In questi giorni ricorre l’anniversario della nascita dell’Apple II, il primo vero computer di larghissima diffusione pensato per hacker da un hacker. Contemporaneamente è comparso su Punto Informatico un articolo che tratta di ubiquitous computing , cioè dei computer pervasivi, che scompaiono nell’ambiente (e lo permeano).
A chi fosse capitato di leggere la mia short presentation saprebbe già che in anni più giovanili, posto di fronte alla scelta se comprarmi l’auto od un personal computer, ho scelto il secondo (costavano uguale). Il pc di cui sopra era appunto un glorioso Apple II europlus; un computer completamente aperto con i manuali che includeva anche l’assembler del bios, lo schema elettrico, i componenti, il significato dei ponticelli, tutto insomma. Senza dover aggiungere niente potevi scriverti i programmi in assembly 6502 ed usare un (elementare) monitor/debugger, altrimenti c’era bello pronto l’Integer Basic.

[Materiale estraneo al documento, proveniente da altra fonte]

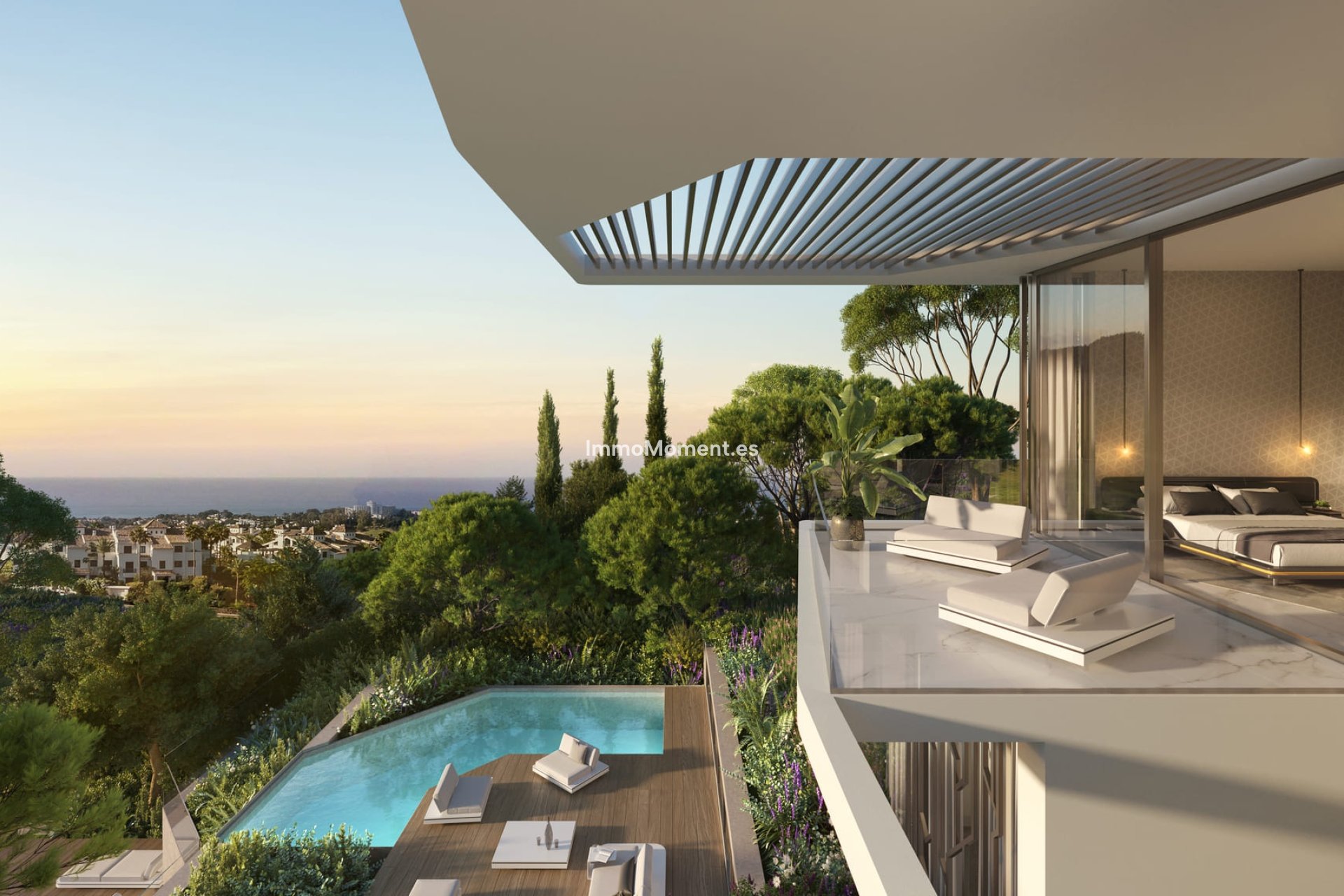 New Build - Detached villa - Benahavís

Era ben diverso dai pc odierni, diventati superpotenti scatole quasi nere che nascondono il più possibile il loro funzionamento, e corredati non di manuali ma di leggi nuove di zecca, che ti impediscono di aprirlo pena il gabbio. E la maggior parte degli utenti continua ad usarli per scrivere lettere, allora come adesso. Potremmo dire che l’Apple II era l’antitesi dei computer di oggi, un computer trasparente il cui funzionamento era evidente a chiunque desiderasse studiarlo, ma che poteva essere ignorato facilmente da chi voleva usare il pc come semplice utente.
Poi, sempre in casa Apple nacque l’opacissimo Mac, ma solo perché Woz aveva avuto un incidente e si era ritirato, e Steve ebbe mano libera. Se all’epoca, e siamo nei primi anni ’80, ci si fosse posti il problema della privacy e delle funzioni nascoste delle scatole nere, avremmo senz’altro potuto dire che l’Apple II non rappresentava certamente un pericolo.
Che il passaggio da computer trasparenti a computer “opachi” sia un enorme e dimostrato pericolo per la privacy è cosa nota ed esposta “ad nauseam”, non c’è quindi scopo e neppure speranza nel ribadire il concetto.
Proviamo però ad estrapolarlo; oggi molti oggetti di uso comune incorporano computer, ovviamente i PC ma anche cellulari, ricevitori satellitari, televisioni, videoregistratori, carte di credito, e questo è un problema. Gli oggetti diventano non più di chi li paga ma di chi li ha costruiti e resi schiavi (“famuli” da una radice sanscrita, o “famigli” dal latino più moderno). Chiavi digitali e DRM si animeranno e diverranno Mastro di Chiavi e Guardio di Porta, ed il Gozer di turno ne gioirà.
Un domani potrebbero essere dappertutto e non vedersi più; il problema della privacy non potrà che esserne ingigantito. Se già oggi ci vuole una notevole dose di paranoia, di pazienza e di tempo per salvaguardare il proprio “io” digitale, è probabile che in un prossimo futuro la quantità di tempo e paranoia necessaria divenga superiore alle capacità umane. In effetti già oggi è largamente superiore a cio’ che il 99% dei navigatori possono (o meglio vogliono) dedicargli.
Dovremo sviluppare protesi digitali impiantabili per la difesa dei nostri io digitali? E chi lo farà se nessuno le vorrà comprare? Ohibo’! Che convenga arrendersi fin da adesso?